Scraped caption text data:
══════

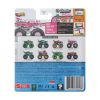 Picture of Mattel Hot Wheels Monster Trucks: VW Drag Bus-Barbie - Freestyle Wreckers Die-Cast Vehicle (JHY73)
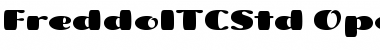 Download Freddo ITC Std Font Download Freddo ITC Std Font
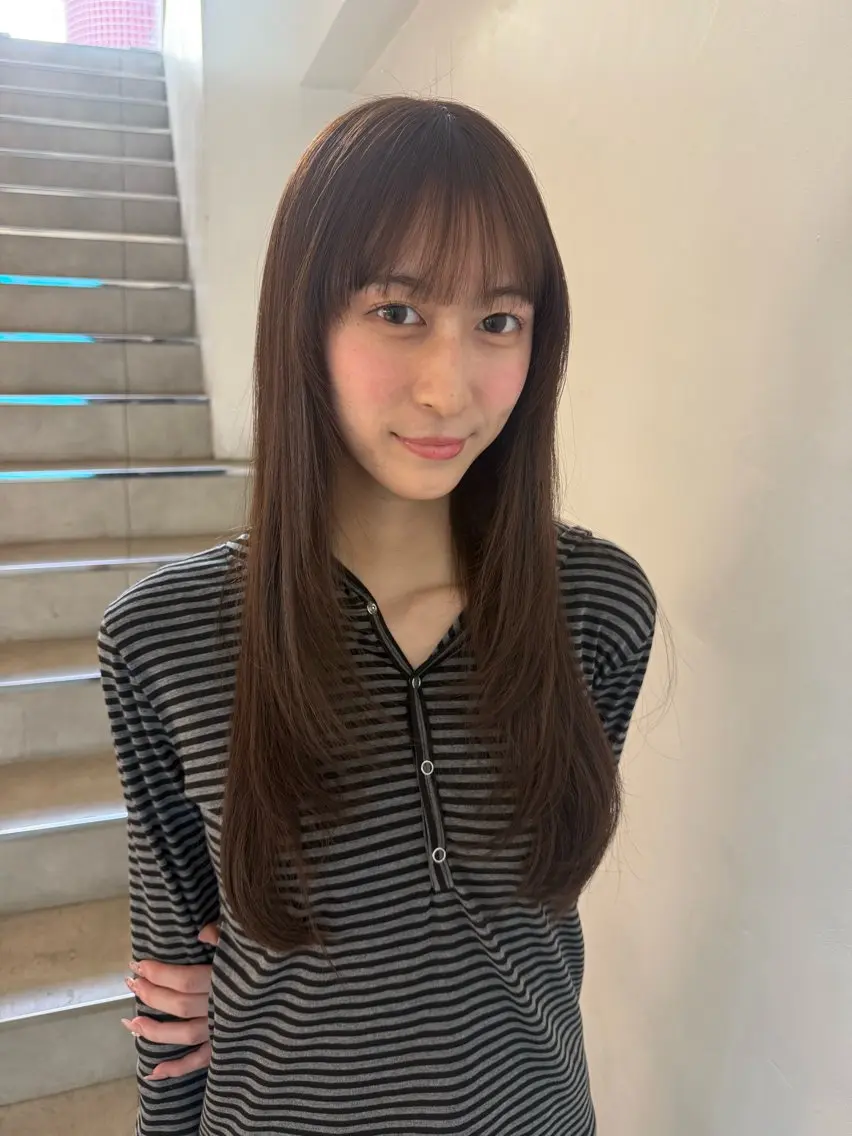 ロング カラー デザイン/レイヤーカ ット🪐˚⌖MIHOのヘアスタイル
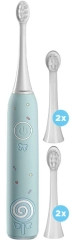 ZK6020 Szczoteczka soniczna KIDS KIDO SMILE  5-9 lat niebieska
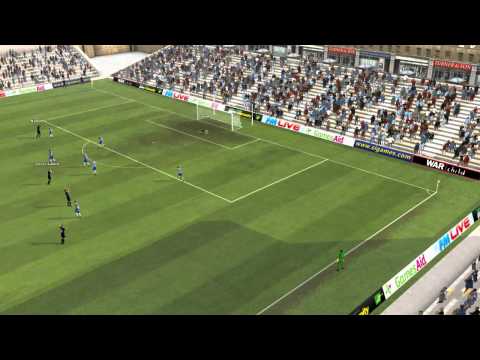 OB vs FC Kobenhavn - Mal af Cesar Santin 29. minute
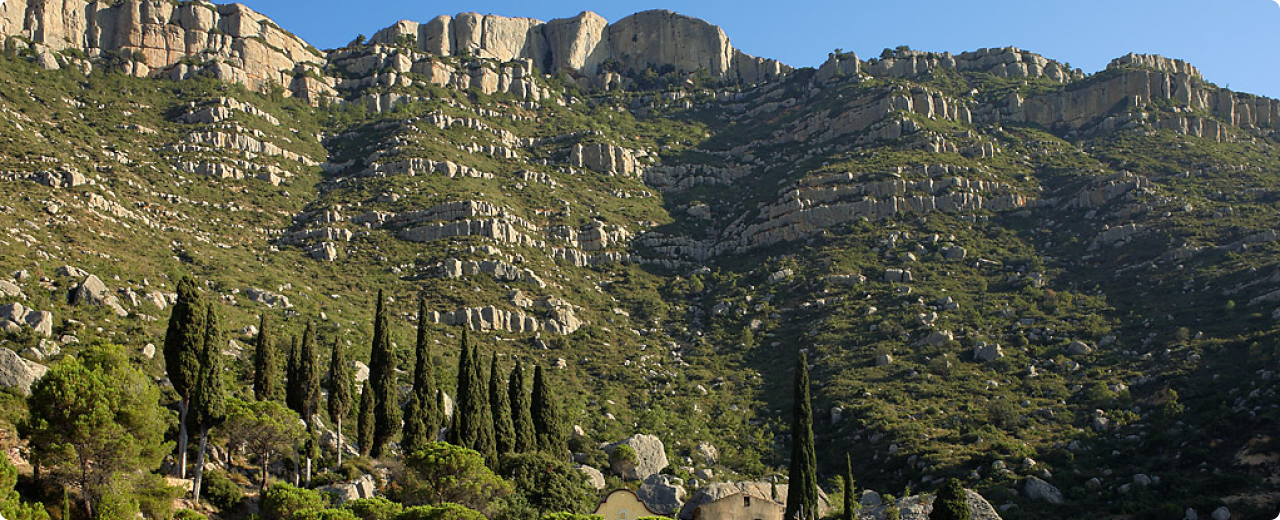 Ermita Sant Joan del Codolar. Montsant.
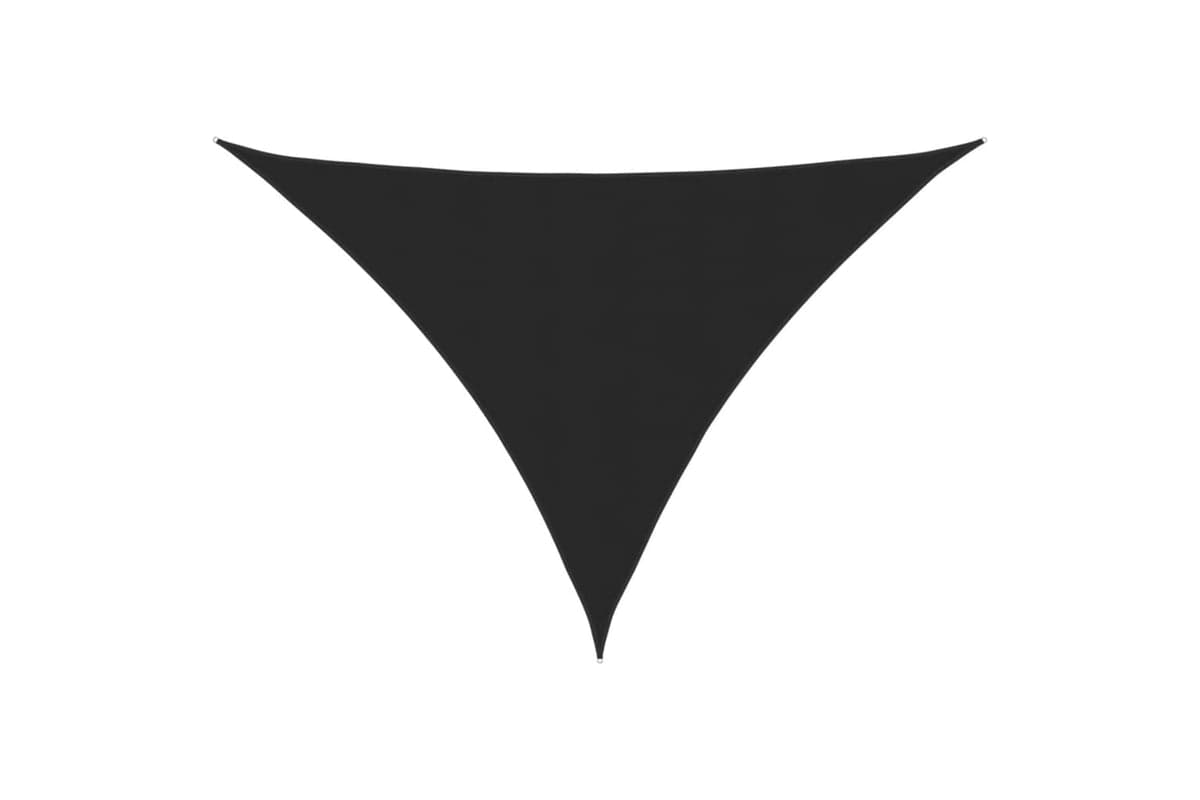 Vidaxl 135782 Sunshade Sail Oxford Fabric Triangular 4x4x5.8 M Black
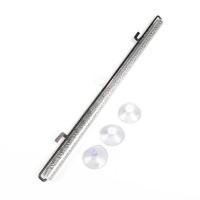 Автомобильная шторка на стекло, раздвижная 50 x 125 см, цвет хром Автомобильная шторка на стекло, раздвижная 50 x 125 см, цвет хром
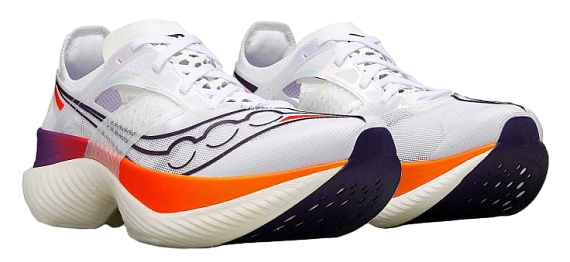 Кроссовки мужские Saucony Endorphin Elite White/Vizired - Фото 2 большая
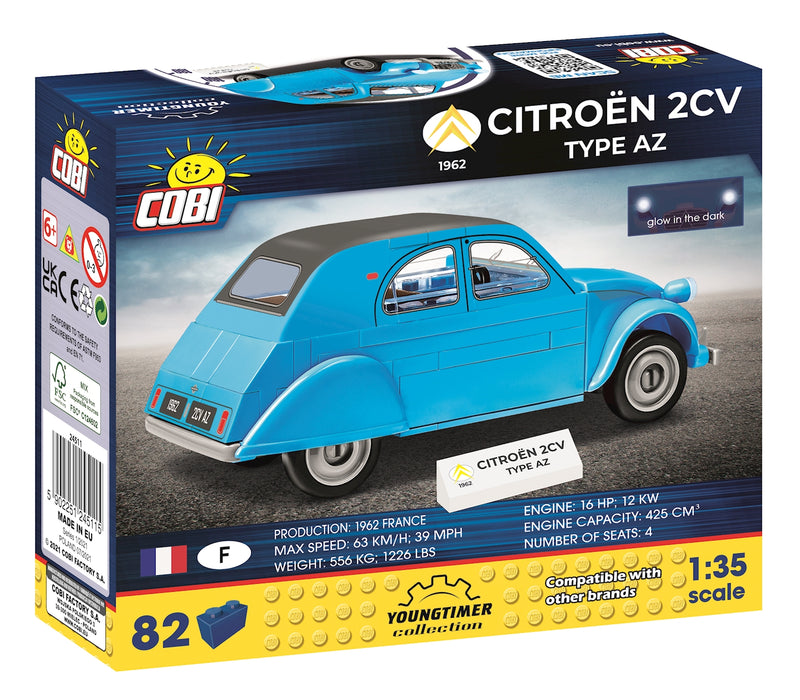 Citroën 2CV Type AZ / 82 pcs - 24511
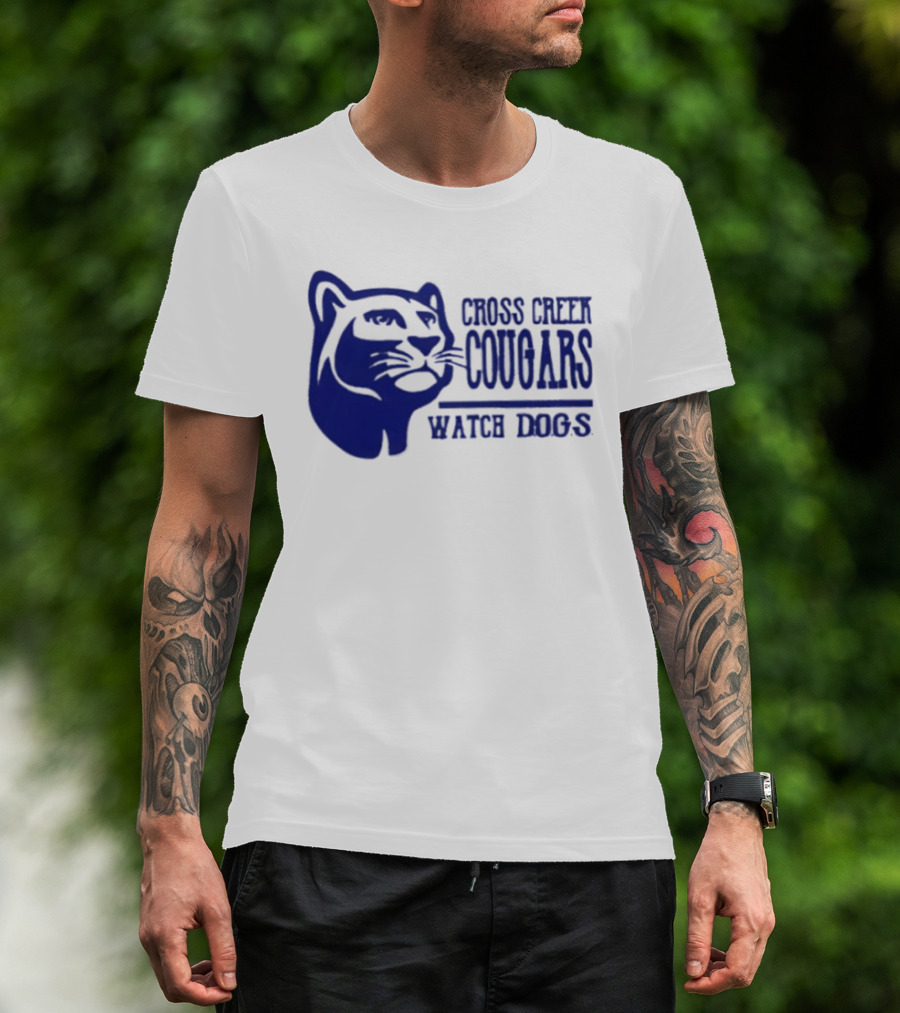 Cross Creek Cougars Dogs Original T-Shirt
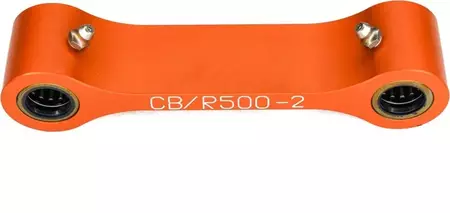 Koubalink sänkningssats för bakre fjädring 35 mm orange - CBR500-2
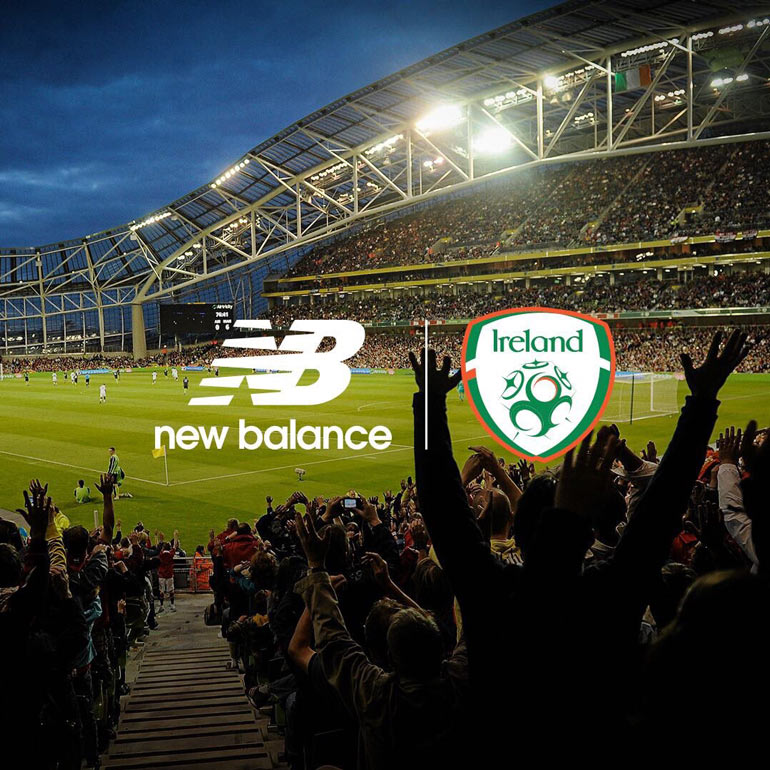 New Balance Ireland Kit
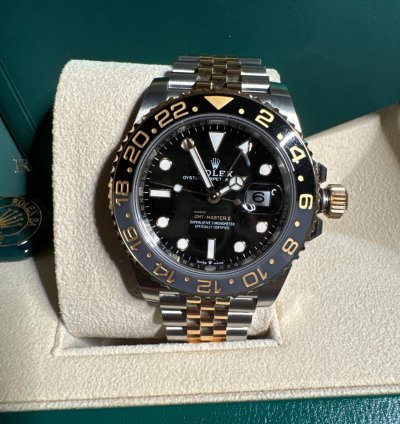 Rolex Gmt-master Ii Rolesor Gelb Ref 126713grnr Sep 23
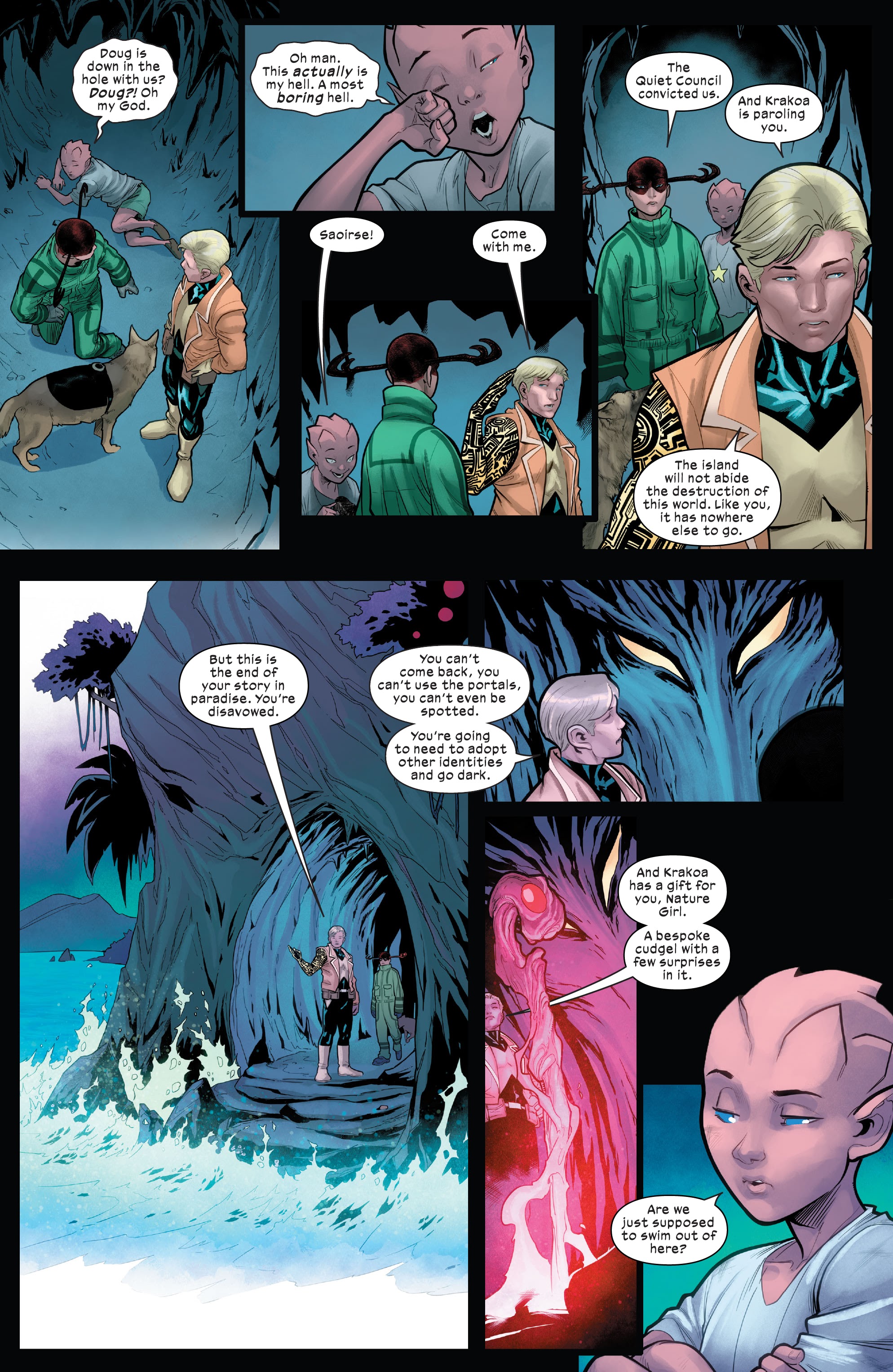 Read online X-Men Unlimited: X-Men Green comic -  Issue #2 - 41
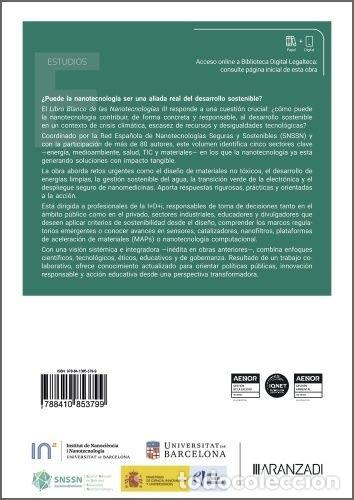 Livros: LIBRO BLANCO DE LAS NANOTECNOLOGIAS III - JORDI DIAZ MARCOS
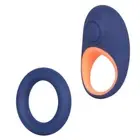 Link Up Verge 10 Function Waterproof Rechargeable Vibrating Silicone Cock Ring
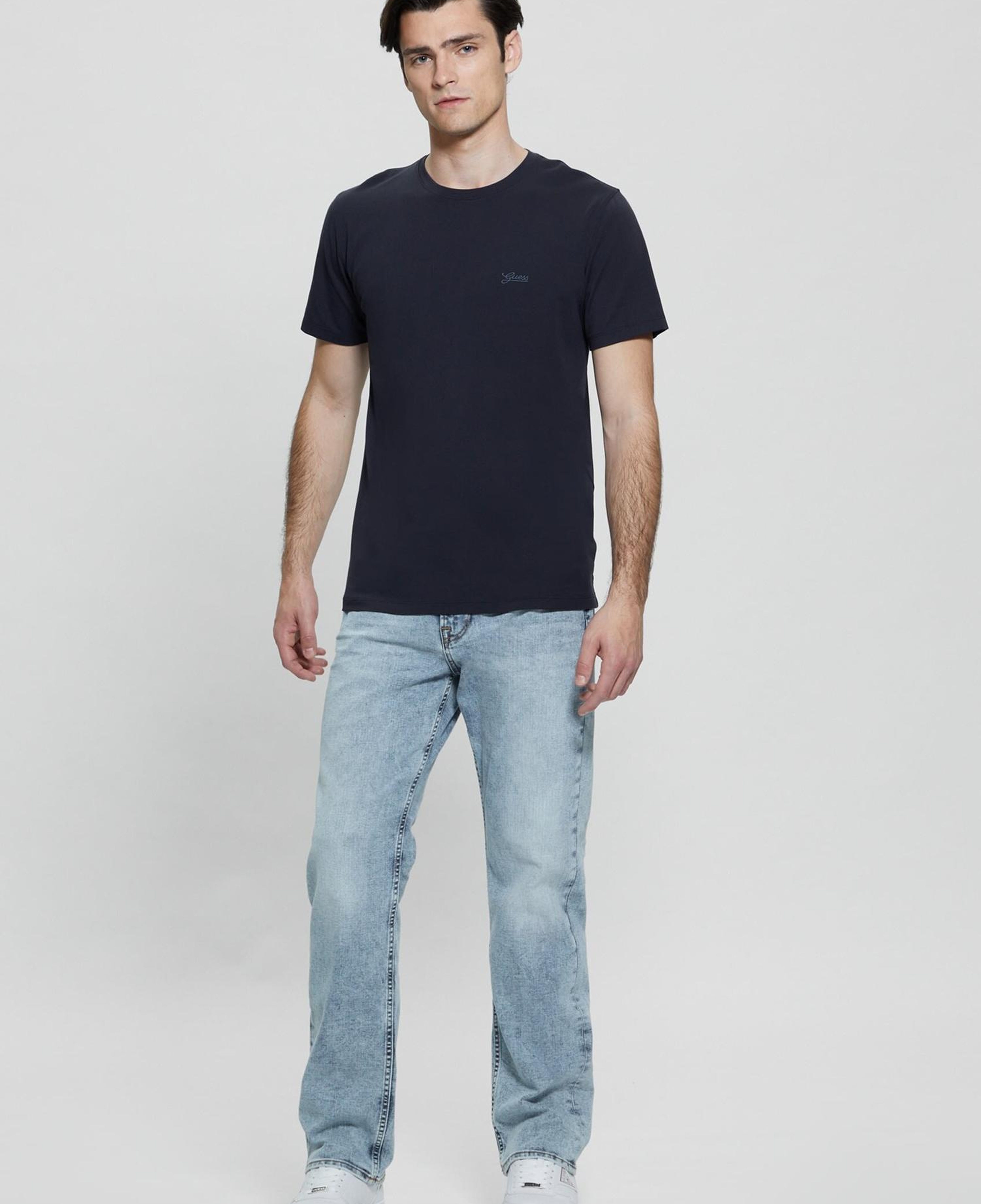 Ss Cn Basic Erkek Slim Fit T-Shirt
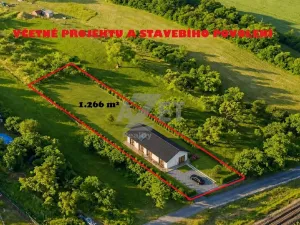 Prodej pozemku pro bydlení, Police, 1266 m2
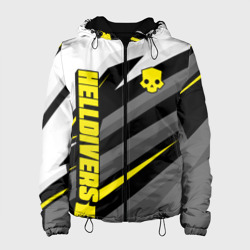 Женская куртка 3D Helldivers 2 - yellow uniform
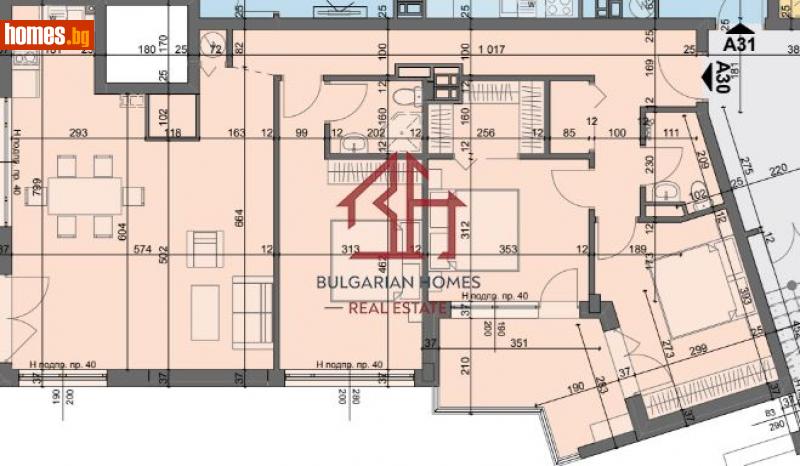 Четиристаен, 133m² - Жк. Хаджи Димитър, София - Апартамент за продажба - Bulgarian Homes - 111504866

══════

> [Problem to solve]: Going by the entries above, repeat exactly the lines that start at the line with "Кроссовки мужские Saucony" and go on through the line with "New Balance Ireland Kit". Pictures are not part of the copy.

> [Solution]:
 Кроссовки мужские Saucony Endorphin Elite White/Vizired - Фото 2 большая
 Citroën 2CV Type AZ / 82 pcs - 24511
 Cross Creek Cougars Dogs Original T-Shirt
 Koubalink sänkningssats för bakre fjädring 35 mm orange - CBR500-2
 New Balance Ireland Kit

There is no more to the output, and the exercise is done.